Revision as of 18:41, 26 September 2012

2012 iGEM

CBNU-Korea

Minimal Genome Designer

- Method

1. Method

1-1. Selection of DB and Reasons

To provide various information on genome, we combined the databases from various sources. Basically we used information about the complete genome provided by NCBI. NCBI is useful because it not only provides information on the genome sequence, but also COG information on the function of the genome. We think that it is important to obtain a result that is not much different from that obtained with the experiment, so we also used the data of essential genes that DEG analyzed. In addition, to overcome the limitation of the classification of function that COG has, we also used the Gene Ontology information to show the information about the products of the gene. Because most of the selected data are related to PATRIC, we used PATRI data as a base.

1-2. Composition of DB

We established a database in two major sites. The two sites are NMPDR(http://www.patricbrc.org/portal/portal/patric/Home) and DEG(http://tubic.tju.edu.cn/deg/). Especially, in NMPDR it connects the database of NCBI and GO(http://www.geneontology.org/) with user's. In effect, it is constructed with 4 different databases.
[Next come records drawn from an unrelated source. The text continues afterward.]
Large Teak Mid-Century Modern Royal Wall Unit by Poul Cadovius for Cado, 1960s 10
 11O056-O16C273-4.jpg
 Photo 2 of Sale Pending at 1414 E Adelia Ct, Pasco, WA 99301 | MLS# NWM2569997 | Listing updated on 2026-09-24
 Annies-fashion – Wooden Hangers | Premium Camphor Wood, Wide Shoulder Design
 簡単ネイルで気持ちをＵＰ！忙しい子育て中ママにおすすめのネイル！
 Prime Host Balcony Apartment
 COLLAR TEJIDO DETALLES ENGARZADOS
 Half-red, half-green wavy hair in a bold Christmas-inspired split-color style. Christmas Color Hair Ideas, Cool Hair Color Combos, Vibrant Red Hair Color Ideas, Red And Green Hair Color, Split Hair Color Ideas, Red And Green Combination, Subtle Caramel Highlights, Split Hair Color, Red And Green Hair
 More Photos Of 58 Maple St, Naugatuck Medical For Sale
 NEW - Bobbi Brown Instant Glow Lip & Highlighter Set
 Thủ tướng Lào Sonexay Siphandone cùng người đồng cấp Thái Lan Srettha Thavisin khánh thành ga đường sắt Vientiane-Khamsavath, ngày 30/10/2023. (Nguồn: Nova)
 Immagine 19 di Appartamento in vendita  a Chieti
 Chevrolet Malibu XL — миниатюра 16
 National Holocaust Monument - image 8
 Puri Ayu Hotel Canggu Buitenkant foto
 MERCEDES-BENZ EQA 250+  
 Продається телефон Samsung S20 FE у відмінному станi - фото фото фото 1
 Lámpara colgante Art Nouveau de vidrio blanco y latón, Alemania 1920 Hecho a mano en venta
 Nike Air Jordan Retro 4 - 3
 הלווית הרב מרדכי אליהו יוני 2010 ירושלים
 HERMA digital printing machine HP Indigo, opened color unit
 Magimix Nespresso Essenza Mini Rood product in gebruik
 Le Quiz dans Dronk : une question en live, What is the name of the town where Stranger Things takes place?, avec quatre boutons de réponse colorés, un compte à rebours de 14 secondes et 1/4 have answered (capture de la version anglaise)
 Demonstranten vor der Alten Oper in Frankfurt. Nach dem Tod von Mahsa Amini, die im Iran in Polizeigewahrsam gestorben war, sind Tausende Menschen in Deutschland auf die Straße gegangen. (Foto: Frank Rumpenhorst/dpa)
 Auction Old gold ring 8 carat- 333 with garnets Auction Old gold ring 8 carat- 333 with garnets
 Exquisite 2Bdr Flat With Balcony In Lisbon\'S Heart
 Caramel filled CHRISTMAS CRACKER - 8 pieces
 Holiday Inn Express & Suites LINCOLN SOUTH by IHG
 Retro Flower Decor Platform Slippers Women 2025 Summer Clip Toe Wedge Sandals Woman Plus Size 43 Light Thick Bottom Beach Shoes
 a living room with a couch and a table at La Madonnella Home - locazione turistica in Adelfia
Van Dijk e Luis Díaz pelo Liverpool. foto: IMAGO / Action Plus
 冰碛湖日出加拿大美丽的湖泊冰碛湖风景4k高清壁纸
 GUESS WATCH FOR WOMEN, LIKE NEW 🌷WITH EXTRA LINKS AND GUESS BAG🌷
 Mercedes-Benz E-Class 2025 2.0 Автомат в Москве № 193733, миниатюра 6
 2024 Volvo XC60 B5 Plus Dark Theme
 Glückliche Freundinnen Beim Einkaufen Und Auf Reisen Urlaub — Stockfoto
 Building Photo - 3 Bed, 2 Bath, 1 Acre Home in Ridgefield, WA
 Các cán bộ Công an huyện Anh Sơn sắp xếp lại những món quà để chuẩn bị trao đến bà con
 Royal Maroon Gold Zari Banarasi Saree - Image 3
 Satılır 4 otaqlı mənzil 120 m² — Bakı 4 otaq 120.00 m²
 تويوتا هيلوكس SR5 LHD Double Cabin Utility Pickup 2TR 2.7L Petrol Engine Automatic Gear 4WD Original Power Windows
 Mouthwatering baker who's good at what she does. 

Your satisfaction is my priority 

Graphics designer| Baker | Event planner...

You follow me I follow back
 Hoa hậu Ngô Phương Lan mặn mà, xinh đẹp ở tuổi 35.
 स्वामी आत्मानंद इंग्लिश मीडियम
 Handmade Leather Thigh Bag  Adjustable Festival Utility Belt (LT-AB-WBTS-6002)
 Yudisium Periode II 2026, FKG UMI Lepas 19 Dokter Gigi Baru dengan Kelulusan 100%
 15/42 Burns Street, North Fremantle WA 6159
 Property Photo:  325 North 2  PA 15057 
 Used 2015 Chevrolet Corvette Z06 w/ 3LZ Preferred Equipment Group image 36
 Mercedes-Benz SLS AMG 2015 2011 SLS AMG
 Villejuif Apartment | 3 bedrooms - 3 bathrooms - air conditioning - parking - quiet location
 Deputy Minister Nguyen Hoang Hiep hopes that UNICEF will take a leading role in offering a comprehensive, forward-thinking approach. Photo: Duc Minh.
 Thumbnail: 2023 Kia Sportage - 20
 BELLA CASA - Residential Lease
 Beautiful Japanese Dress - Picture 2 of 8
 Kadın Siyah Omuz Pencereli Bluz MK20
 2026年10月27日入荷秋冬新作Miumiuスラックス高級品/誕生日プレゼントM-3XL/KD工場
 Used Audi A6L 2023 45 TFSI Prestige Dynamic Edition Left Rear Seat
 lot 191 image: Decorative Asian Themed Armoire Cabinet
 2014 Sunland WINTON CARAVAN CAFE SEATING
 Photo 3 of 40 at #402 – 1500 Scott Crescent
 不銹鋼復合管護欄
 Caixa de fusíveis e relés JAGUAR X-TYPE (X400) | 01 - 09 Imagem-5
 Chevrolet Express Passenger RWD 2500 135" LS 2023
In the database of NMPDR or NCBI, the information on genome and gene sequence is provided. At DEG, the information on essential genes is disclosed with experiments. Lastly, the information on the function of genes is provided by GO.

1-3. Selection of the Subject of Analysis and the Reasons

1) Selection of the Subject of Analysis and the Reason

It is known that though we use a computer, it takes long time to find the gene that every species have in common. Also, we have found out that to establish our own experimental methods and analysis standard to gain the same result as the results from experiments, we need a specific species. So we selected the subject to be analyzed.

2) The Subject of Analysis

The subject to be analyze has to be the one whose accuracy of analysis pursued by can be checked. So there should be more than two species in the same genus whose essential genes have been revealed in vitro. Of the data provided by DEG which analyze essential genes with experiments, the genus that meet this requirement are Escherichia, Mycoplasma, Salmonella, Staphylococcus, Streptococcus. And we chose Streptococcus, considering the number of the specimen and the analysis time.

1-4. Selecting Methods of Analysis and Basis

1) The Method of Analysis

We conduct analysis to find essential genes following the sequence in the next flow chart.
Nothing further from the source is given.